Show of hands, who knows what a trunnel is?
If you've read Eric Sloane's A Reverence for Wood or Once Upon a Time: The way America was, then you likely know that a trunnel (or treenail) is a hand-cut wooden peg once used by barn and bridge builders instead of nails. Some folks think this was because of the scarcity of iron nails back in the day, but according to Eric Sloane trunnels were preferred in large timber construction, because they allowed flexibility in joints as the weather and atmospheric conditions changed.
|Trunnels: the origins of “a square peg in a round hole.”
Drawing from page 36 of A Reverence for Wood.
But enough of the history lesson.
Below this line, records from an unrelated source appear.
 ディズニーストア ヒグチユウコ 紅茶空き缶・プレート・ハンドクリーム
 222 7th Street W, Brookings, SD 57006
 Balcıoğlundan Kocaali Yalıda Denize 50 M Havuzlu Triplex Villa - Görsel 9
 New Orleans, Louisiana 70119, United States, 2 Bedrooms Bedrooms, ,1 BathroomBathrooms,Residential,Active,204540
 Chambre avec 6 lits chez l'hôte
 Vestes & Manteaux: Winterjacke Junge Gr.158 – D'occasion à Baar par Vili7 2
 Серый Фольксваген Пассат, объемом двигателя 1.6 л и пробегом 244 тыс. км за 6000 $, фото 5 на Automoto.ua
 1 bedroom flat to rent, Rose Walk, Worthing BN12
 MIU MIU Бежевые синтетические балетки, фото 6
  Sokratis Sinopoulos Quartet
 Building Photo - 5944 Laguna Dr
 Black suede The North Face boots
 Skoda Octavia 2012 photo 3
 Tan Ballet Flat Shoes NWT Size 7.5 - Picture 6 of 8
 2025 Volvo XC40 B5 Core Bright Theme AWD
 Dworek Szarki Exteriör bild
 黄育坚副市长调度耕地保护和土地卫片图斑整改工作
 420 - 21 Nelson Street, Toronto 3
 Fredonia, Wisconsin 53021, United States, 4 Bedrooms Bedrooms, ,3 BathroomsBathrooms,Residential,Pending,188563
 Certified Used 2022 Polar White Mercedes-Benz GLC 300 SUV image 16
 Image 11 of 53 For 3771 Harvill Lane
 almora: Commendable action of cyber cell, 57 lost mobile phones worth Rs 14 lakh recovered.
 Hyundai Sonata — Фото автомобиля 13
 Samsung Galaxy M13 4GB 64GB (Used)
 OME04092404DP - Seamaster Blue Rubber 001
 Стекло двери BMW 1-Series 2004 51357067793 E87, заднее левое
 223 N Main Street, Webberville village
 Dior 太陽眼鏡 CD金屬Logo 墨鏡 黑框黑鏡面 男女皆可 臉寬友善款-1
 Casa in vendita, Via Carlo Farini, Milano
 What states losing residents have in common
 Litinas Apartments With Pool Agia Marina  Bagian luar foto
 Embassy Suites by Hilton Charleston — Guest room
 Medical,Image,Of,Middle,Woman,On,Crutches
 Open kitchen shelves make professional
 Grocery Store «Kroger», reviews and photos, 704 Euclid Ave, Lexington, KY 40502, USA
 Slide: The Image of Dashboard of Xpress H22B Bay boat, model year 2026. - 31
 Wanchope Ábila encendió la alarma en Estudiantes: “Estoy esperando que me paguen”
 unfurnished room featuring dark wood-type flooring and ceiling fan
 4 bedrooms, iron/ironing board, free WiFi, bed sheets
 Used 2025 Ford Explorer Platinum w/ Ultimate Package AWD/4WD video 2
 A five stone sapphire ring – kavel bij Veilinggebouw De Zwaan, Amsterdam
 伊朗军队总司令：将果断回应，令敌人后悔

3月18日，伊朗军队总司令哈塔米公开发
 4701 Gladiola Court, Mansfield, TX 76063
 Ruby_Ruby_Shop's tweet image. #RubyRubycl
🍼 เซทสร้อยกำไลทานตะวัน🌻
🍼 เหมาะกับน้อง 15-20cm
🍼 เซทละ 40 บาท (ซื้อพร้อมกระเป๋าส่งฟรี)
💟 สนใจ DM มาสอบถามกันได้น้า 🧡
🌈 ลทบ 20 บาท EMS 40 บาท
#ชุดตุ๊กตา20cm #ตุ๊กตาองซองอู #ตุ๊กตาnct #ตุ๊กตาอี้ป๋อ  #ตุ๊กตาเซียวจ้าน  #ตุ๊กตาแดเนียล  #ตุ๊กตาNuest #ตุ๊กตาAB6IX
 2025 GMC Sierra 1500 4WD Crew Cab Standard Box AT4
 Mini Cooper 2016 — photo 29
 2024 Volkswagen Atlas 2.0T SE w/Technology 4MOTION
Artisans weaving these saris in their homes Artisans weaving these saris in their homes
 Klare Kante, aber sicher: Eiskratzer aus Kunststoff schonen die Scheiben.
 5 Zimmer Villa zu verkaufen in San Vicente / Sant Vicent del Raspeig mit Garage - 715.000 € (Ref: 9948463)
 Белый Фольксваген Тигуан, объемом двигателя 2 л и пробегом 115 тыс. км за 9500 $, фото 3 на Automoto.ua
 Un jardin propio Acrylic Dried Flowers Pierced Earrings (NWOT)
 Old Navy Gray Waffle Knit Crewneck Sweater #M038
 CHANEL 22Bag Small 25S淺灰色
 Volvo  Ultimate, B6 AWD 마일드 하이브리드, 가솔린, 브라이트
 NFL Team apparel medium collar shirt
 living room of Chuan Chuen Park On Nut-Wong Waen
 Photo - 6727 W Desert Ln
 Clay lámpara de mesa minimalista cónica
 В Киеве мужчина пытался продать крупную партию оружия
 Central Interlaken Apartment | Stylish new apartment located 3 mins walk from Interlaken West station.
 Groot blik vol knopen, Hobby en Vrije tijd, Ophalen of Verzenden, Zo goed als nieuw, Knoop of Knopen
With the goats set for winter and our summer-milled lumber curing nicely, Dan once again turned his attention to the upcoming project of building the Big Barn. One preliminary on his list was to experiment making and using trunnels.
The best way to learn a new skill is by doing. In this case, the doing was a small project – a barn bench. A bench is useful and would allow hands-on learning plus a starting point for analyzing problems and mistakes, and for honing the skill. The bench itself would be made from waste slabs cut from our pine logs in the milling of our barn posts and beams.
For trunnels he decided to use oak.
|Oak trunnel and pine slab|
|It needs to be just the right size, not so big as to split the
the slab, but not too small and be too loose in the hole.
|Using a grinder to shave off the trunnel.|
|Rubber mallet for pounding in|
|Not bad, with only minor splitting of the pine slab.|
|This, however, is what needs to be avoided.
(Making the bench a good learning project.)
|A useful bench nonetheless!|
Lessons learned about trunnels:
Since the slabs aren't treated, the bench needed a protective finish. I used leftover stain and finish.
|Stained, finished, and ready to use.|
|Hay storage on the left, feed room on the right.|
And there you have it.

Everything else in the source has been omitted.